= Beginning of Section =
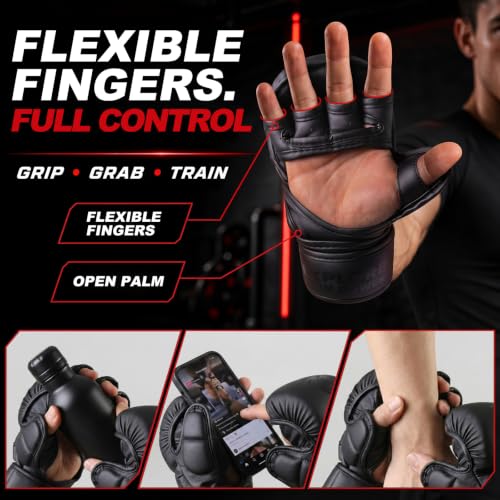 LIBERLUPUS MMA Gloves for Men – Punching Bag Gloves for Men, Open Palm Training Gloves for MMA Sparring, Kickboxing, Muay Thai, Youth Self-Defense, Durable Synthetic Leather with Wrist Support - size: Small-Medium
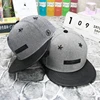Custom leather patch logo flat brim cap high quality hip hop snapback hat wholesale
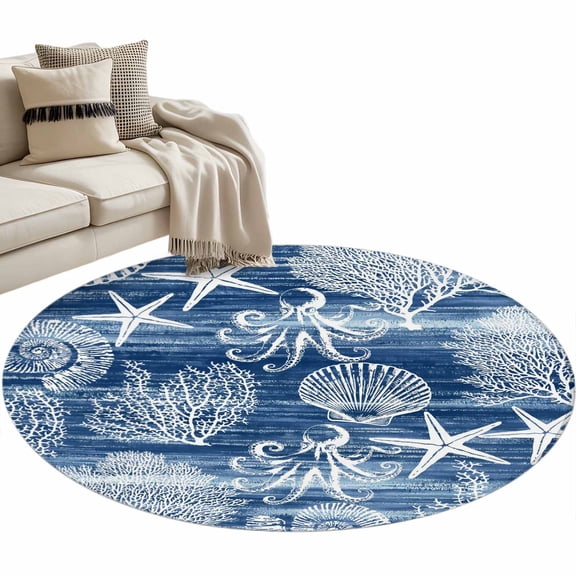 Navy Blue Coastal Round Rug 4ft Washable Circle Entryway Rugs Non Slip Nautical Coral Starfish Shell Octopus Sea Area Rug Indoor Floor Carpet for Bedroom Kitchen Living Room Office Dining Room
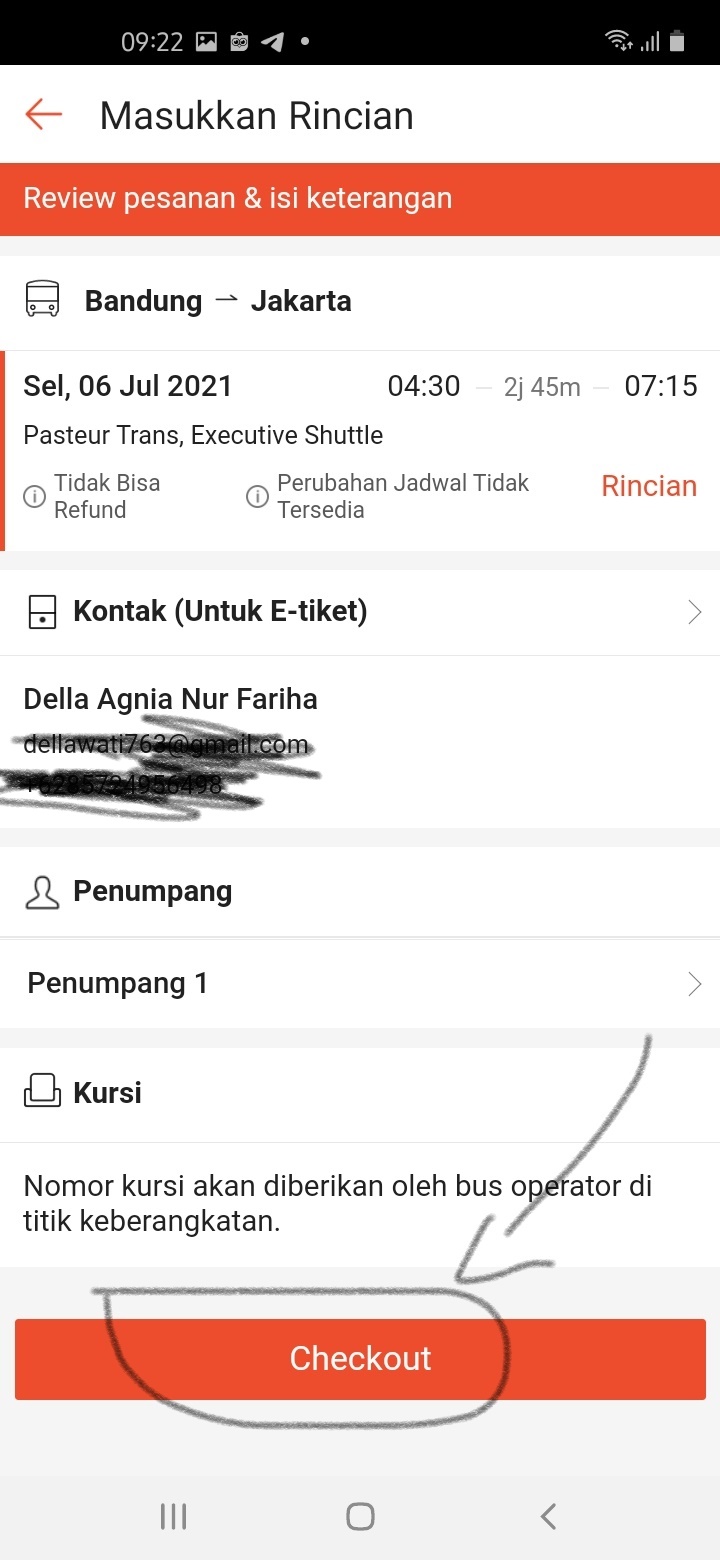 proses pemesanan tiket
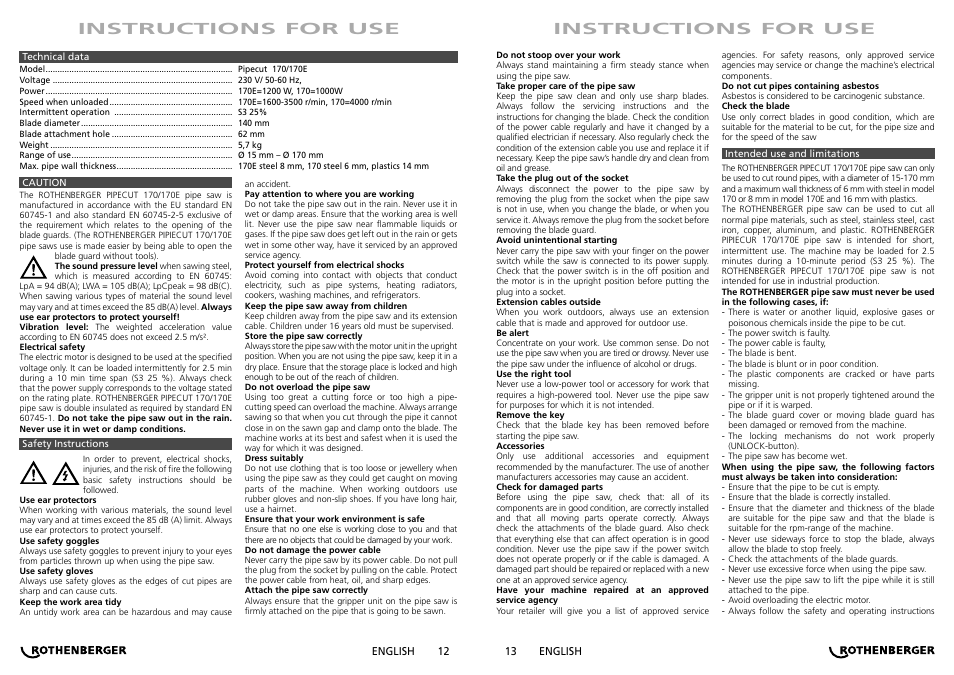 Instructions for use | ROTHENBERGER PIPECUT 170/170 E User Manual | Page 7 / 33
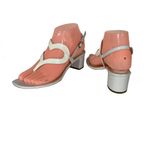 MARTIN CLAY WHITE PATENT LEATHER HEART THEME BLOCK HEEL SANDALS (36) Size 5 Photo 5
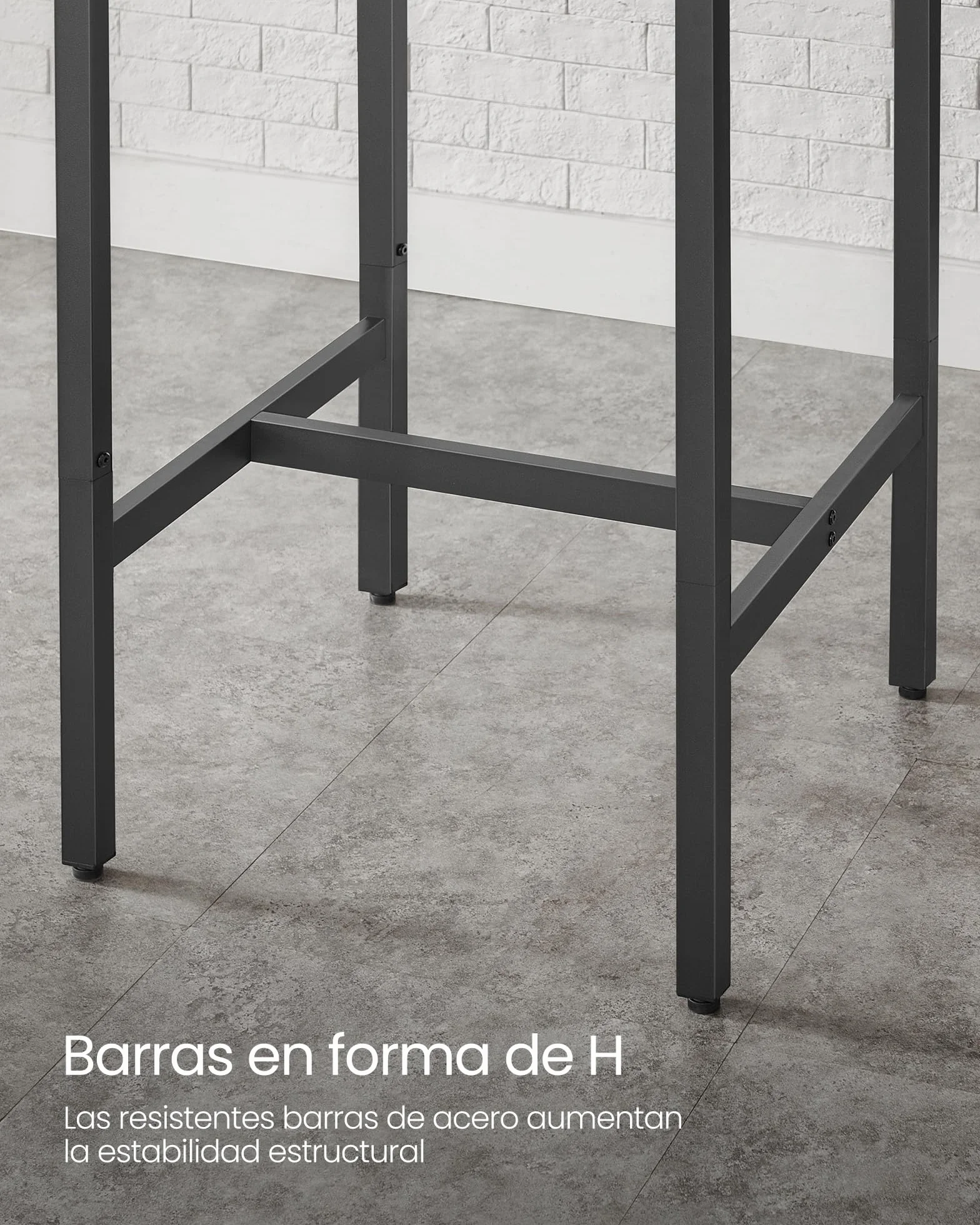 VASAGLE Mesa de Bar, Mesa Alta Cuadrada, Marco de Acero Resistente, 60 x 60 x 92 cm, FÁcil de Montar, para Sala de Estar, Cocina, Estilo Industrial, MarrÓn RÚstico y Negro LBT25X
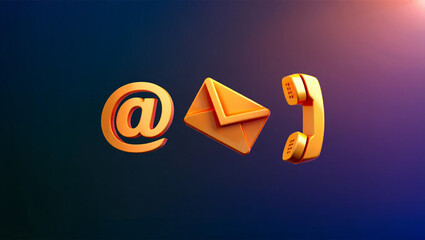 Golden contact icons email envelope and telephone on dark background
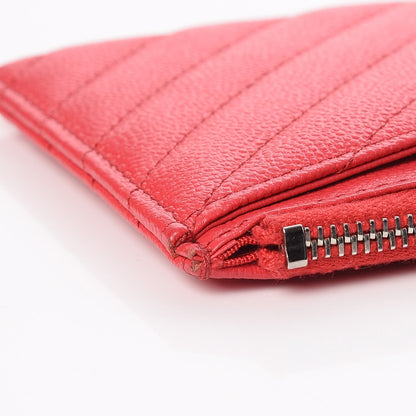 Chanel Caviar Chevron Quilted Zip Pouch Red 10 of 12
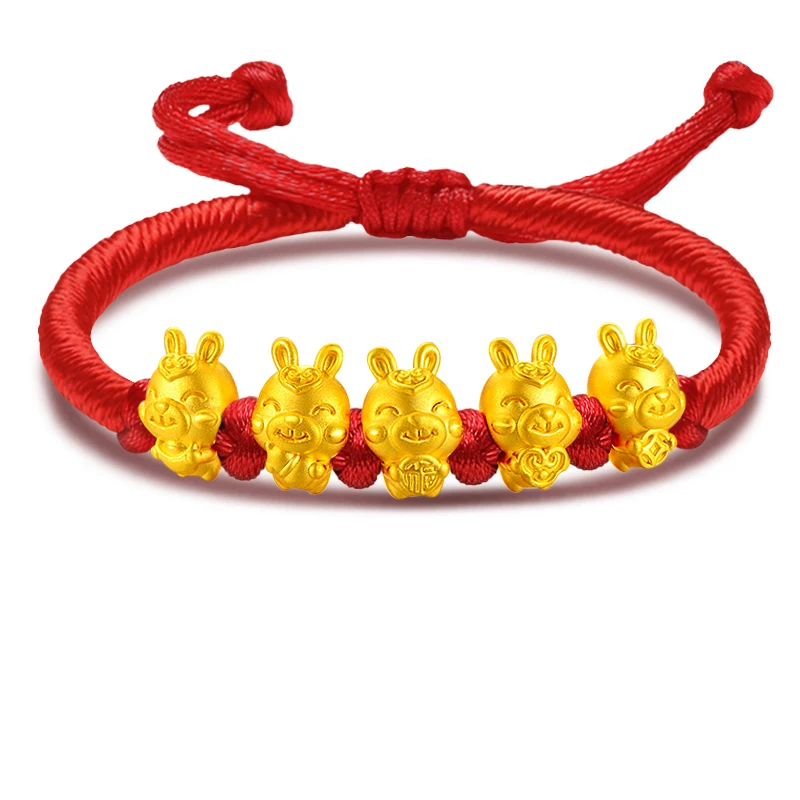 

1pcs 999 Pure 24K Yellow Gold Bracelet Women's 3D Zodiac Rabbit Blessing Money Bag Coin Red String Bracelet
= End of Section =
Exercise brief:
Word for word, repeat the lines of data above, omitting every picture.

Solved problem:
 LIBERLUPUS MMA Gloves for Men – Punching Bag Gloves for Men, Open Palm Training Gloves for MMA Sparring, Kickboxing, Muay Thai, Youth Self-Defense, Durable Synthetic Leather with Wrist Support - size: Small-Medium
Custom leather patch logo flat brim cap high quality hip hop snapback hat wholesale
 Navy Blue Coastal Round Rug 4ft Washable Circle Entryway Rugs Non Slip Nautical Coral Starfish Shell Octopus Sea Area Rug Indoor Floor Carpet for Bedroom Kitchen Living Room Office Dining Room
 proses pemesanan tiket
 Instructions for use | ROTHENBERGER PIPECUT 170/170 E User Manual | Page 7 / 33
 MARTIN CLAY WHITE PATENT LEATHER HEART THEME BLOCK HEEL SANDALS (36) Size 5 Photo 5
 VASAGLE Mesa de Bar, Mesa Alta Cuadrada, Marco de Acero Resistente, 60 x 60 x 92 cm, FÁcil de Montar, para Sala de Estar, Cocina, Estilo Industrial, MarrÓn RÚstico y Negro LBT25X
 Golden contact icons email envelope and telephone on dark background
 Chanel Caviar Chevron Quilted Zip Pouch Red 10 of 12

1pcs 999 Pure 24K Yellow Gold Bracelet Women's 3D Zodiac Rabbit Blessing Money Bag Coin Red String Bracelet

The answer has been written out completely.